Uwielbiam czytać ten wiersz. Uwielbiam, jak się sączy. Z linijki na linijkę. To, jak słowa opadają ciężko, dudniąc, jak... jak jest tak prosto, że w końcowym efekcie człowiek zastanawia się, czy autor przekroczył już granicę, czy jest pół kroku przed nią. To jest taka chwilowa myśl, bo z niej rodzi się cisza. Taka cisza w środku. Myślę, że rozumiesz o jaką mi chodzi. Cisza, która załamuje się końcowymi słowami.
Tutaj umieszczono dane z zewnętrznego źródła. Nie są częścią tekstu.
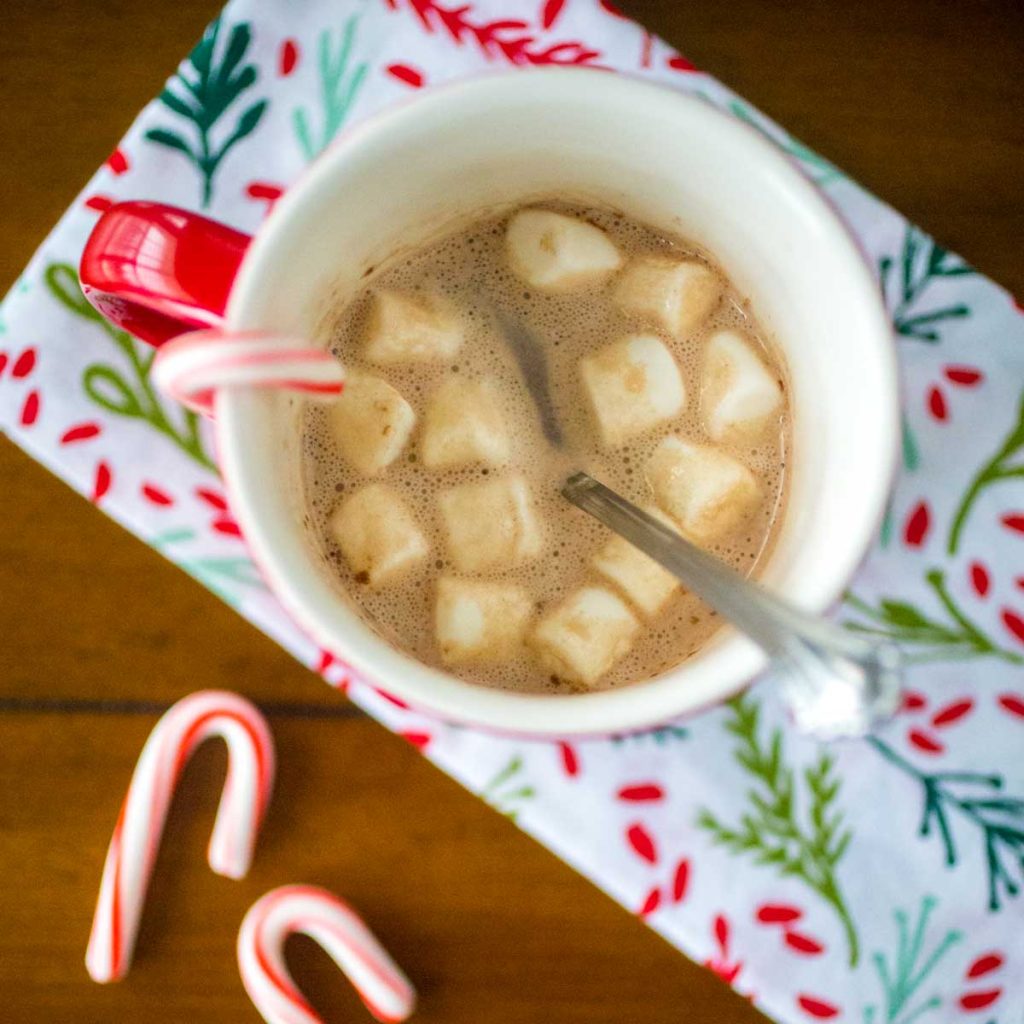 A mug of hot cocoa with marshmallows and candy canes.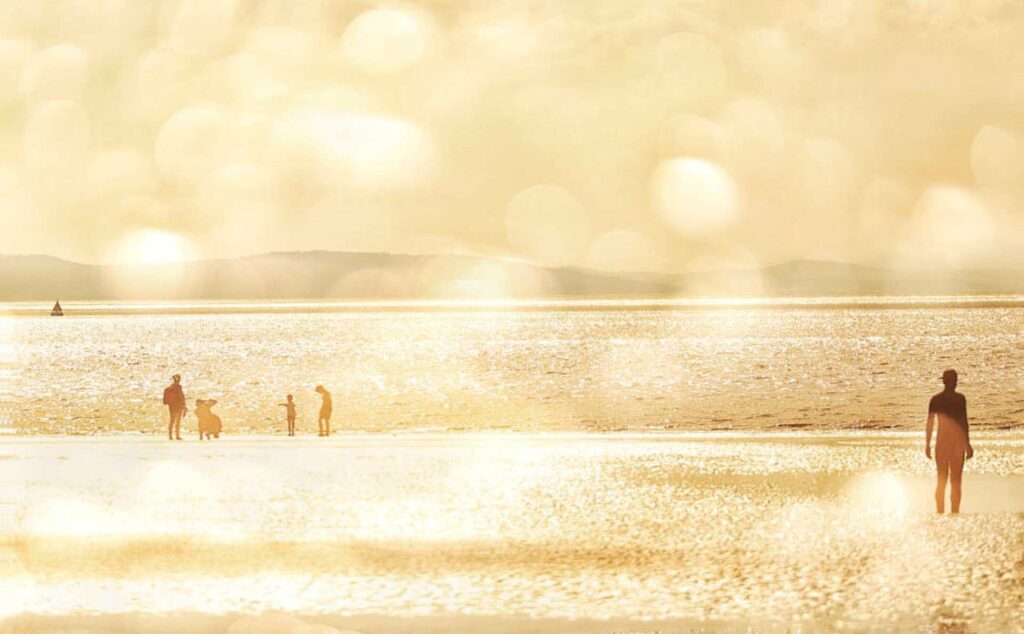 Golden-toned beach scene at Crosby with distant people and a solitary iron figure, overlaid with warm circular bokeh highlights.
Ciekawe jest też to, że nie przeszkadza mi użycie tylu razy frazy "chwila". To naprawdę rzadko spotykane.Bardzo życiowy ten wiersz, prosty, hm bliski.
A teraz powiedz mi, jak ja mam Cię ocenić. Bo doceniam. Tylko, czy docenią Cię inni użytkownicy. Zastanów się nad ewentualną edycją (mimo wszystko), a tymczasem akceptuję.